_TASK STATEMENT:_
Copy each line below containing "Porsche".

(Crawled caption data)
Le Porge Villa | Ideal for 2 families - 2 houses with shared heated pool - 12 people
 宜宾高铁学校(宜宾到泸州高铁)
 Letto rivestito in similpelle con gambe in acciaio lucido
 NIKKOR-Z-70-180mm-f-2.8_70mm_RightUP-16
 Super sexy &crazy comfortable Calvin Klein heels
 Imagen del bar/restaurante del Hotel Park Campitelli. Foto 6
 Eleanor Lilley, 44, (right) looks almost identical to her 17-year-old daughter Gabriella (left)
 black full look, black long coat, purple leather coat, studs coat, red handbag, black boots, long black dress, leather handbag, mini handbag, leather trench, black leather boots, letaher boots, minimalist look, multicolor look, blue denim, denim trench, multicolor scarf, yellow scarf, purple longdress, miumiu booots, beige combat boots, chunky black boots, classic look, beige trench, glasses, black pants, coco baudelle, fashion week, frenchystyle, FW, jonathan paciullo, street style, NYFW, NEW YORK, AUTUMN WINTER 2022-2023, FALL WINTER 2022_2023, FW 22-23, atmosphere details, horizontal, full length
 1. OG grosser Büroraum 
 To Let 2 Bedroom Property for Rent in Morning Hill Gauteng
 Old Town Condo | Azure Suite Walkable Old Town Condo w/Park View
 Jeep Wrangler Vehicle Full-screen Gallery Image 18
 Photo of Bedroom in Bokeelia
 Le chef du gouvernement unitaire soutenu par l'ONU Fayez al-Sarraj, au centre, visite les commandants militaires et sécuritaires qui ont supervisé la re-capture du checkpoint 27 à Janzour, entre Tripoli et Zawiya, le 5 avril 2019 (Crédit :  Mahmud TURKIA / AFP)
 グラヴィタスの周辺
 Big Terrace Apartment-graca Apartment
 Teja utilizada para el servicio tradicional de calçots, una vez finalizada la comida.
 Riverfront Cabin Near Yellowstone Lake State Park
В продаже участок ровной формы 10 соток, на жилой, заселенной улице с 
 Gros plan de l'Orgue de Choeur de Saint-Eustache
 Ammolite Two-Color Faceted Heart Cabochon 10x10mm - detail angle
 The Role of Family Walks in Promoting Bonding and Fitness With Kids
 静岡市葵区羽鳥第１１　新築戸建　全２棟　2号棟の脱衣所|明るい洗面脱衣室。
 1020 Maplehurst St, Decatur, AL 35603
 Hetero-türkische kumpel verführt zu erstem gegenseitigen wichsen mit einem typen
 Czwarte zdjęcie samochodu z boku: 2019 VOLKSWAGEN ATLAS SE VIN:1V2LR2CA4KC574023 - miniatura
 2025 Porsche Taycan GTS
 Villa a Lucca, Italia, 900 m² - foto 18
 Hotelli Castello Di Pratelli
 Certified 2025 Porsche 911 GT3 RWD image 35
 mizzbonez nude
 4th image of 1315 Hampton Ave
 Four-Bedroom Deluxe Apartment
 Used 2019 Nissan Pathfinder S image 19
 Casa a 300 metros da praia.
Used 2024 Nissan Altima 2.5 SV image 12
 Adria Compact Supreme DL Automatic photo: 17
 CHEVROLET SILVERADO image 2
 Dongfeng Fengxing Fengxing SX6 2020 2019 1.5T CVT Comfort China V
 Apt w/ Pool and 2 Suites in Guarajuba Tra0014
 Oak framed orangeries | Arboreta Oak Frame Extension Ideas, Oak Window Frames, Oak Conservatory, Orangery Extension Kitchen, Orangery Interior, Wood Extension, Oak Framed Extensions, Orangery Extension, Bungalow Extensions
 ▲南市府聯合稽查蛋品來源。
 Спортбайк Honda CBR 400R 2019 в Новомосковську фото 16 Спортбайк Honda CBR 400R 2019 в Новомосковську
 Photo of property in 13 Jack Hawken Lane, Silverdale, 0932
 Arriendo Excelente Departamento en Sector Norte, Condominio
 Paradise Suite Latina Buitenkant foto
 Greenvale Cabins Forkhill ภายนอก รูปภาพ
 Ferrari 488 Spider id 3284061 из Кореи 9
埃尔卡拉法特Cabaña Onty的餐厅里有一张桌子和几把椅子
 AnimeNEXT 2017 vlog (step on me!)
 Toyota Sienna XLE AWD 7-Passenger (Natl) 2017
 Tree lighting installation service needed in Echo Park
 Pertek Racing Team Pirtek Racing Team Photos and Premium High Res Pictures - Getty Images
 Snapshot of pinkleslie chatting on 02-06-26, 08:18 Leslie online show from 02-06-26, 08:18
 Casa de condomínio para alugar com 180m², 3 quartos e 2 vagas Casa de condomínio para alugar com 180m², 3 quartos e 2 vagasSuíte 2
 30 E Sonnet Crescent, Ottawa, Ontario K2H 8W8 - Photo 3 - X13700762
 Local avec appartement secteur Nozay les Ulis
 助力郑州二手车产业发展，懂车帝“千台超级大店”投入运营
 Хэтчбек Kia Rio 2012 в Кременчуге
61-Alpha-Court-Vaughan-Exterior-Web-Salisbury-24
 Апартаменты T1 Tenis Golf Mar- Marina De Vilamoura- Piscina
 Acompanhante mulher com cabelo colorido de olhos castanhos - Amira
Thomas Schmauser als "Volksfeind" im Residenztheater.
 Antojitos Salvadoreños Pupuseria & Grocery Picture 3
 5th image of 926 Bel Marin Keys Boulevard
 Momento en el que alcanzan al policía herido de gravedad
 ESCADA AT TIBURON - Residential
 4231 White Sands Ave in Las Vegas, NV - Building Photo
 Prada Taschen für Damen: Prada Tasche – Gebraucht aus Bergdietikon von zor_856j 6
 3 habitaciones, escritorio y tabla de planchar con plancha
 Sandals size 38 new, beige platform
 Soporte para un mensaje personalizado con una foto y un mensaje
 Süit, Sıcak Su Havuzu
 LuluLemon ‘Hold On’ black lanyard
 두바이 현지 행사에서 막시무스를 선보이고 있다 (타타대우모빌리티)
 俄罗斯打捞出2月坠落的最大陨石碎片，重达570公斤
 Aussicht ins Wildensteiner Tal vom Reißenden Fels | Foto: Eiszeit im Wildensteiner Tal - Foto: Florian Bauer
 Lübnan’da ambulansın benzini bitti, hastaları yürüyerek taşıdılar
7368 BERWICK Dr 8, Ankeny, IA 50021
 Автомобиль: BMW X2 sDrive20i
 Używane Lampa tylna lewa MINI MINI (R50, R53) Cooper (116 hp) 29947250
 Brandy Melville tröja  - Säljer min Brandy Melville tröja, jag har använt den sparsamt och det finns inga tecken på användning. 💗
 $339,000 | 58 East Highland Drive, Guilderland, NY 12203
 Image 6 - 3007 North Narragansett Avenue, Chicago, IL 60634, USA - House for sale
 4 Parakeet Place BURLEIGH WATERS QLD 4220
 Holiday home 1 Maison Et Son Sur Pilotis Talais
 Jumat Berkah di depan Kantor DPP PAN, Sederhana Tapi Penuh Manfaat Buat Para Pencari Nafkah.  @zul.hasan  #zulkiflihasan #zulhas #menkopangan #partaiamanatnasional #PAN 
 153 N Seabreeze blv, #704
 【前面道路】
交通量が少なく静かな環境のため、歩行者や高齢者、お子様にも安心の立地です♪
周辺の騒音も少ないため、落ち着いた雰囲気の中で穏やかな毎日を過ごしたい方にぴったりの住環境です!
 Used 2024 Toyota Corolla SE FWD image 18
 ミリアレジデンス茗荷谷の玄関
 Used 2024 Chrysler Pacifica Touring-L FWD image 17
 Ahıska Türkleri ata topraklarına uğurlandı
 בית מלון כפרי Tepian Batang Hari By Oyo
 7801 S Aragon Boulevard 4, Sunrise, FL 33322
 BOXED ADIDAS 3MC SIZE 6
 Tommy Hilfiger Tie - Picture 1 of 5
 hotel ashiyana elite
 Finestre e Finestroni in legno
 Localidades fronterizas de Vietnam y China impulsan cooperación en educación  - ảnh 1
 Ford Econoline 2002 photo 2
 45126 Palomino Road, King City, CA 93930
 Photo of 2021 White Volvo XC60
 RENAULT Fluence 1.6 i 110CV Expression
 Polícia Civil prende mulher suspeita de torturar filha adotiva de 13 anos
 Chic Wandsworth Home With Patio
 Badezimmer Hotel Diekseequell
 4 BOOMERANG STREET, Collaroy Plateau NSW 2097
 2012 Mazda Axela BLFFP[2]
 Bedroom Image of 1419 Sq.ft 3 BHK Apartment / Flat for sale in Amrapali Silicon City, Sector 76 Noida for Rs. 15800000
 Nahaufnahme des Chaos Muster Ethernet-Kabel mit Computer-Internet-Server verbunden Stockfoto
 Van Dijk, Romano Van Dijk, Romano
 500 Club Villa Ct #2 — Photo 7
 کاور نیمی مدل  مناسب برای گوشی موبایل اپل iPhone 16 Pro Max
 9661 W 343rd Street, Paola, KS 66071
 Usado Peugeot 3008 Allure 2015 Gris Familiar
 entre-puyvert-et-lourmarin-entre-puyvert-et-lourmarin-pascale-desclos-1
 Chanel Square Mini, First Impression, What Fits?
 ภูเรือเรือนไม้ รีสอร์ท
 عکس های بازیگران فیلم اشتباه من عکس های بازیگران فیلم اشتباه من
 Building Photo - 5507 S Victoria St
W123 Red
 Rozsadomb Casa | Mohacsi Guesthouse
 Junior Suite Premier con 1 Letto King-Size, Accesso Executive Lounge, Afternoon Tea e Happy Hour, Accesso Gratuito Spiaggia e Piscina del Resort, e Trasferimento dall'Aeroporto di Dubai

_RESPONSE TO THE EXERCISE:_
 2025 Porsche Taycan GTS
 Certified 2025 Porsche 911 GT3 RWD image 35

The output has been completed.